Gioachino Rossini was an Italian composer known for shaping the style of Bel canto together with Bellini and Donizetti. He was born in Pesaro in a musical family and started music school in Bologna at the age of 12. His father was a trumpeter and his mother was a singer. During his career he wrote 39 operas, sacred music, chamber music, piano pieces and songs.

Rossini married the singer Isabella Colbran in 1822. It was a difficult marriage. Rossini wrote many roles for her, but her voice gradually declined and she was forced to retire. It put a strain on their relationship. They lived separately from 1830 when Rossini met Olympe Pélissier who was to become his future wife. In 1835 Rossini and Colbran officially divorced and 10 years later he married Pélissier who was his wife until his death. Rossini died in Paris after an unsuccessful operation to treat colorectal cancer at the age of 76.

Rossini was a very productive composer, writing on an average 2 operas per year for 19 years. However, for the last 40 years of his life he didn’t compose a single opera. It’s unknown why he stopped, but perhaps his declining health or financial security thanks to earlier successes gives us a clue. His most popular opera is Il barbiere di Siviglia, one of his many comic operas.


"Give me a laundry-list and I'll set it to music."


He was a celebrity during his lifetime. He suffered from insomnia.
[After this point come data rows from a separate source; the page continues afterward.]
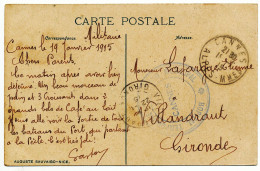 ALPES MARITIMES CP 1915 CANNES FM HOPITAL TEMPORAIRE CASINO MUNICIPAL - Guerre De 1914-18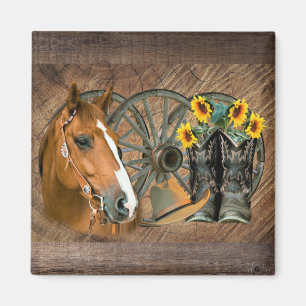 Horse Cowboy Boots Wagon Wheel Sunflower Western Magneet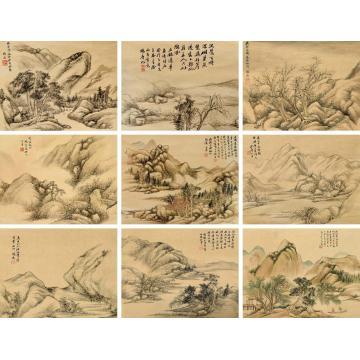 顾麟士山水三挖四屏（选三）设色纸本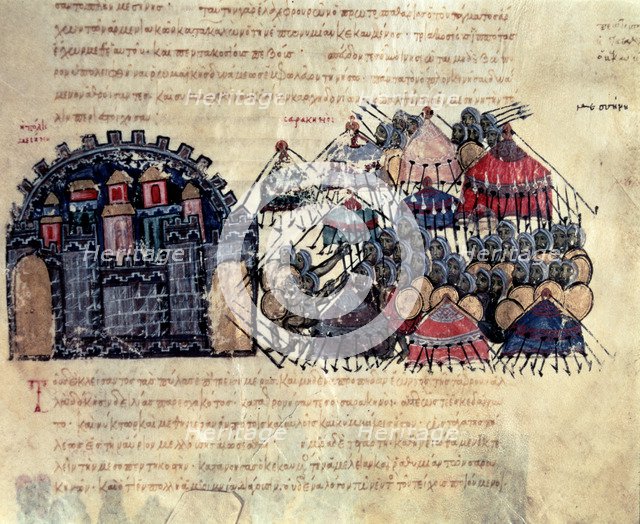 Byzantine besieging Messina, miniature in 'Scylitzes Matritensis', (facsimile edition of the orig…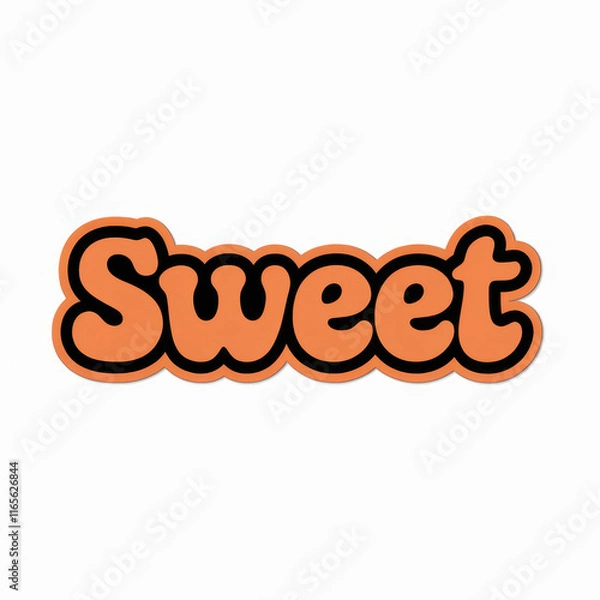 Fototapeta sticker, A 3D rendered sticker featuring the word "sweet," ideal for use in design projects or branding materials.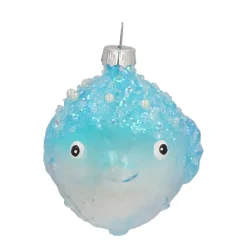 Glazen Kersthanger Kogelvis | Blauw | 10 Cm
He met with Beethoven in 1822.

Most prominent operas

L’italiana in Algeri 1813
Il turco in italia 1814
Il barbiere di Siviglia 1816
La cenerentola 1817
Semiramide 1823
Il viaggio a Reims 1825
Le comte Ory 1828
Guillaume Tell 1829


Cesare Sterbini
1784 - 1831

Cesare Sterbini was an Italian librettist, poet and writer. He was fluent in Latin, Greek, French and German. His most successful libretto is Il barbiere di Siviglia but he also wrote the libretto for Rossini’s opera Torvaldo e Dorliska, as well as a handful of librettos for other composers.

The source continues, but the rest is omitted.